Saved data entries
- - - - - - -
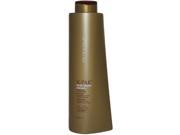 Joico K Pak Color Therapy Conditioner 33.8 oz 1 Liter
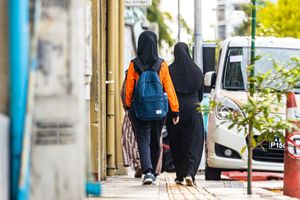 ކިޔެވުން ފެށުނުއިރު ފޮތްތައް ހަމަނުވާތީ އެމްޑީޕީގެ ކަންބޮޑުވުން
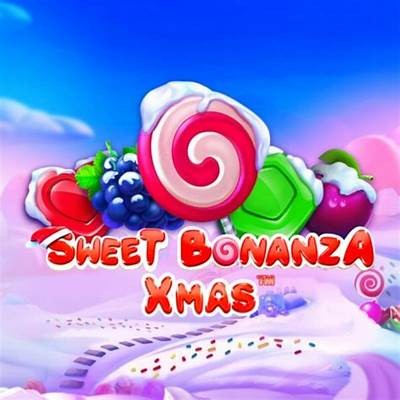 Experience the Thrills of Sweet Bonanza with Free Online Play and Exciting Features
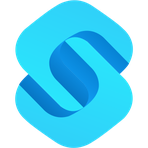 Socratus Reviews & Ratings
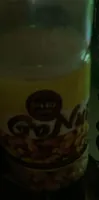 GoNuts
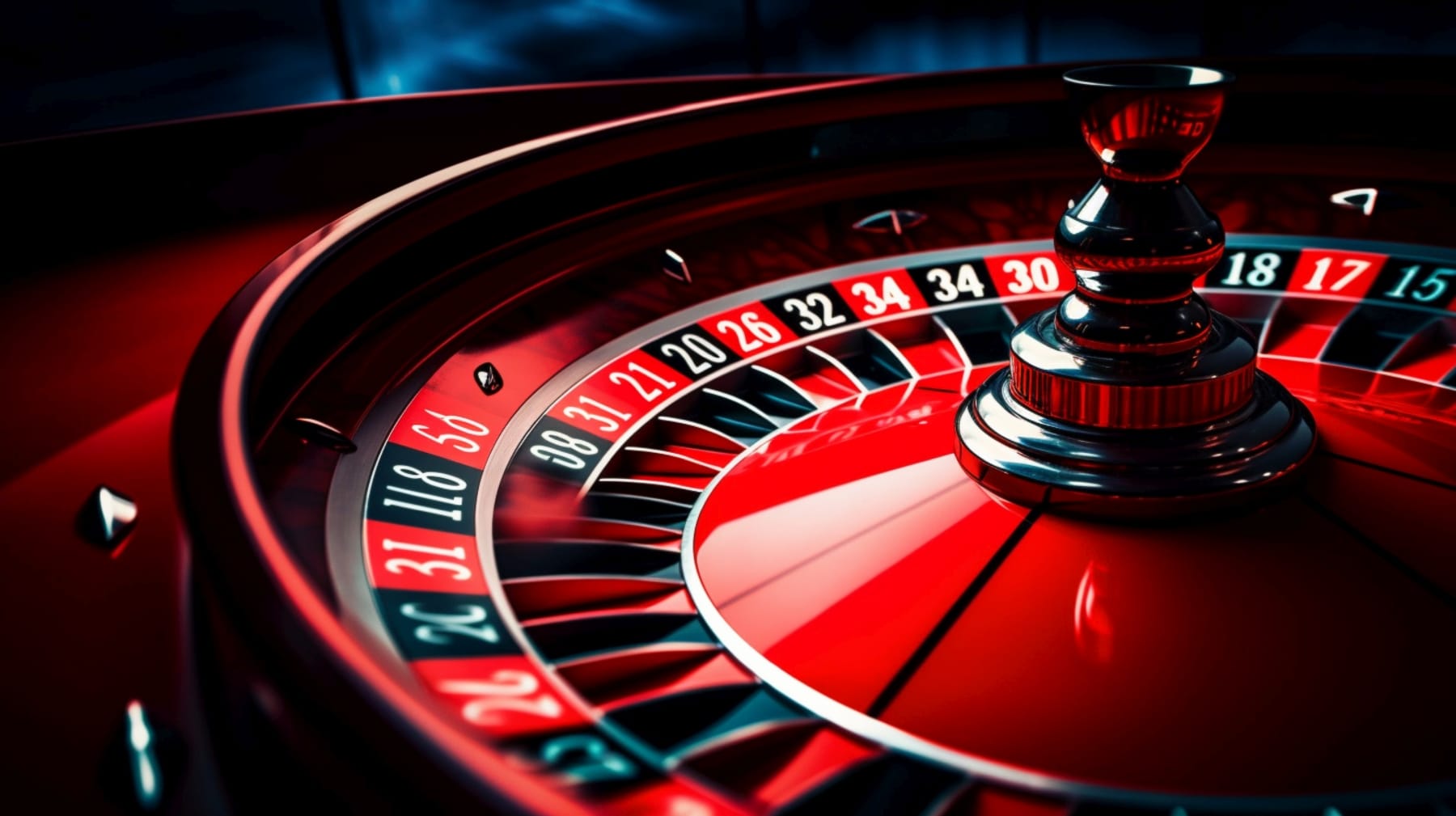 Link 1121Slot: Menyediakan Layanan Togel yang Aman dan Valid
- - - - - - -
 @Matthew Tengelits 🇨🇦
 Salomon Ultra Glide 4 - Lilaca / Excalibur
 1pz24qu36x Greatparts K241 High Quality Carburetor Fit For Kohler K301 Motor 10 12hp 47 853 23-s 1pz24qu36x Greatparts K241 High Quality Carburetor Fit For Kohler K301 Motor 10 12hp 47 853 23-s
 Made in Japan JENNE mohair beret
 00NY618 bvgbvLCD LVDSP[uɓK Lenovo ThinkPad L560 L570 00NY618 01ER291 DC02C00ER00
- - - - - - -
Transcribe each line of the data above, unaltered, from the one where "Salomon Ultra Glide 4 - Lilaca / Excalibur" appears to the one where "00NY618 bvgbvLCD LVDSP[uɓK" appears, inclusive of both.

 Salomon Ultra Glide 4 - Lilaca / Excalibur
 1pz24qu36x Greatparts K241 High Quality Carburetor Fit For Kohler K301 Motor 10 12hp 47 853 23-s 1pz24qu36x Greatparts K241 High Quality Carburetor Fit For Kohler K301 Motor 10 12hp 47 853 23-s
 Made in Japan JENNE mohair beret
 00NY618 bvgbvLCD LVDSP[uɓK Lenovo ThinkPad L560 L570 00NY618 01ER291 DC02C00ER00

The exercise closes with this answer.